Jakarta, POROSNEWS.ID – Komisi Pemberantasan Korupsi (KPK) mengatakan hasil kajian terkait kepastian hukum dan hak atas tanah menjadi contoh konflik agraria yang selama ini sering terjadi di tengah masyarakat Indonesia.
Dalam masalah klasik sengketa agraria yang ditemukan yakni tumpang tindih HGU, KPK memotret sengketa ini terjadi karena proses sertifikat luas HGU di Indonesia masih banyak yang belum terpetakan, bertempat di Gedung Kementerian ATR/BPN, Selasa (3/1/2023).
Dari total luas wilayah daratan sekitar 1.905 juta km², konflik menjadi masif dan penting untuk segera diurai agar mendapat solusi serta mencegah peluang terjadinya korupsi dan sertifikat HGU belum terpetakan mencapai 1.799 sertifikat dengan luas mencapai 8,3 juta hektar.
Selain itu, KPK juga menemukan penyimpangan SOP penerbitan HGU masih marak terjadi.
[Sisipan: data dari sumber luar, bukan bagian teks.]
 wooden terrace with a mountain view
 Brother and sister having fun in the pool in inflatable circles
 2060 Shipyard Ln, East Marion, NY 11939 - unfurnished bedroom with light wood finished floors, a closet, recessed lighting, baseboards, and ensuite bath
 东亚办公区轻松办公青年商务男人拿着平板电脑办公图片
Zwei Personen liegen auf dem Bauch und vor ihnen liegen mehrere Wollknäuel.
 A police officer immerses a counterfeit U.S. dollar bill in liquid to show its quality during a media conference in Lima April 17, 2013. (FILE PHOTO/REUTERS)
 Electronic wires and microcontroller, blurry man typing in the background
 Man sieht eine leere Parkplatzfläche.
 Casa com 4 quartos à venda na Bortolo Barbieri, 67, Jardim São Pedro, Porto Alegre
Ditemukan 61 persen pelayanan HGU tahun 2021 melebihi SLA. Rata-rata penyimpangan waktu penerbitan dari SLA adalah 4 sampai 12 bulan. Penyimpangan waktu layanan paling lama, SK Perpanjangan HGU Badan Hukum yakni 269 hari.
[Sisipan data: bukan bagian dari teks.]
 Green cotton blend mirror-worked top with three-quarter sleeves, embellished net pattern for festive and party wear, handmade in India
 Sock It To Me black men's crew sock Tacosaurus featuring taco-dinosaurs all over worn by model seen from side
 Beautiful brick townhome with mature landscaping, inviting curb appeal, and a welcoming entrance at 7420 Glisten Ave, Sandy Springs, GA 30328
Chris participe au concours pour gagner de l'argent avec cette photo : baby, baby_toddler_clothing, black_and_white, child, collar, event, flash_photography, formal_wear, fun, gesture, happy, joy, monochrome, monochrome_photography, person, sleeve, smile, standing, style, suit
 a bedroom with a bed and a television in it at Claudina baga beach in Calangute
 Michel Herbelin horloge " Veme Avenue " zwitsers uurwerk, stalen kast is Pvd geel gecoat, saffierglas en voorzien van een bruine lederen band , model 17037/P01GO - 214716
Layanan melebihi SLA ialah SK pemberian HGU Badan Hukum sebesar 90 persen. Dari hasil survei, Kantah Kabupaten Kutai Timur paling banyak melebihi SLA (60 persen). Pun, ditemukan penambahan biaya tidak resmi penerbitan HGU mencapai 250 persen.
Jadi rekomendasi KPK pada sektor HGU yaitu pertama, Perbaikan sistem pengawasan mulai dari penerbitan hingga pemanfaatan, penyusunan mekanisme pengawasan berbasis teknologi dan pengawasan berbasis risiko. Kedua, dibutuhkan aturan/SOP HGU. Ketiga, mendukung pelaksanaan Perpres Percepatan Pelaksanaan Kebijakan mengatasi tumpang tindih HGU dan kawasan hutan.
Hadir dalam kegiatan ini Wakil Ketua KPK Alexander Marwata, Direktur Korsup wilayah III Bahtiar Ujang Purnama, Direktur Monitoring KPK Agung Yudha. Kemudian Wakil Menteri ATR BPN Raja Juli Antoni beserta pejabat struktural dilingkungan Kementerian ATR/BPN.